ISSN 1470-3947 (print) | ISSN 1479-6848 (online)

Endocrine Abstracts (2008) 16 P391

Nocturnal HPA axis activity is blunted by increased plasma glucose concentrations

Christian Benedict1, Manfred Hallschmid1, Werner Kern3, Bernd Schultes2, Hendrik Lehnert3 & Jan Born1


1Department of Neuroendocrinology, University of Lübeck, Lübeck, Germany; 2Interdisciplinary Obesity Center East-Switzerland, Kantonsspital St Gallen, St Gallen, Switzerland; 3Internal Medicine I, University of Lübeck, Lübeck, Germany.


Background: Secretory activity of the hypothalamo-pituitary–adrenal (HPA) axis typically increases during the second half of nocturnal sleep. Assuming that this rise in ACTH and cortisol levels occurs in response to the negative energy balance induced by nocturnal fasting and concomitant increases in cerebral glucose consumption during REM sleep, we examined the effects of glucose infusion on nocturnal HPA axis activity during wake and sleep periods.

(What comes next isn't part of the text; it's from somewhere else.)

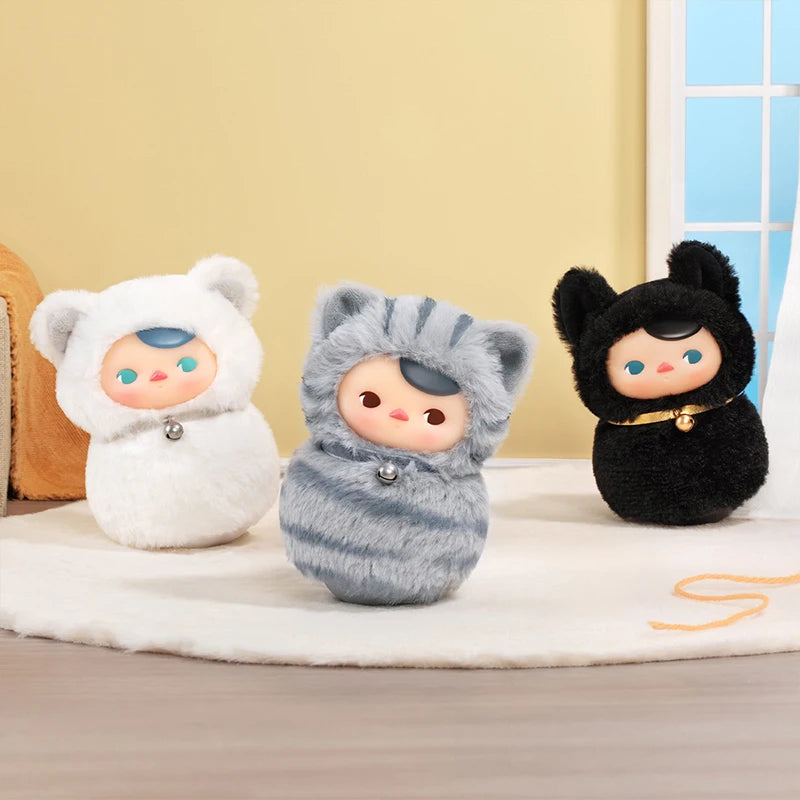Three plush toys in different costumes on a light-colored surface with a neutral background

Methods and findings: According to a 2×2 design, healthy men were infused with glucose (4.5 mg/kg×min) and saline, respectively, during sleep (n=9) or total sleep deprivation (n=11). Circulating concentrations of ACTH, cortisol, glucose, insulin, and leptin were measured and food consumption from a breakfast buffet presented on the subsequent morning was assessed. Independent of sleep, nocturnal secretion of ACTH and cortisol was suppressed by glucose infusion (glucose vs saline: ACTH, 11.93±0.77 vs 13.60±1.08 pg/ml; cortisol, 5.21±0.92 vs 7.20±0.79 μg/dl; each P<0.05). In the sleep group, glucose infusion enhanced REM sleep while reducing the time spent in sleep stage 2 (each P<0.05). Sleep deprivation per se was associated with a reduction in leptin levels compared to sleep (P<0.05). Following nocturnal glucose infusion, food intake was reduced in comparison to placebo in the wake but not in the sleep group (P<0.05 and P>0.82, respectively).

Conclusions: Our findings indicate that nocturnal HPA axis activity is blunted by increased plasma glucose concentrations, suggesting that the brain regulates nocturnal ACTH and cortisol release in response to the level of energy available in the form of blood glucose. Sleep does not appear to be critically involved in this glucose/glucocorticoid feedback loop.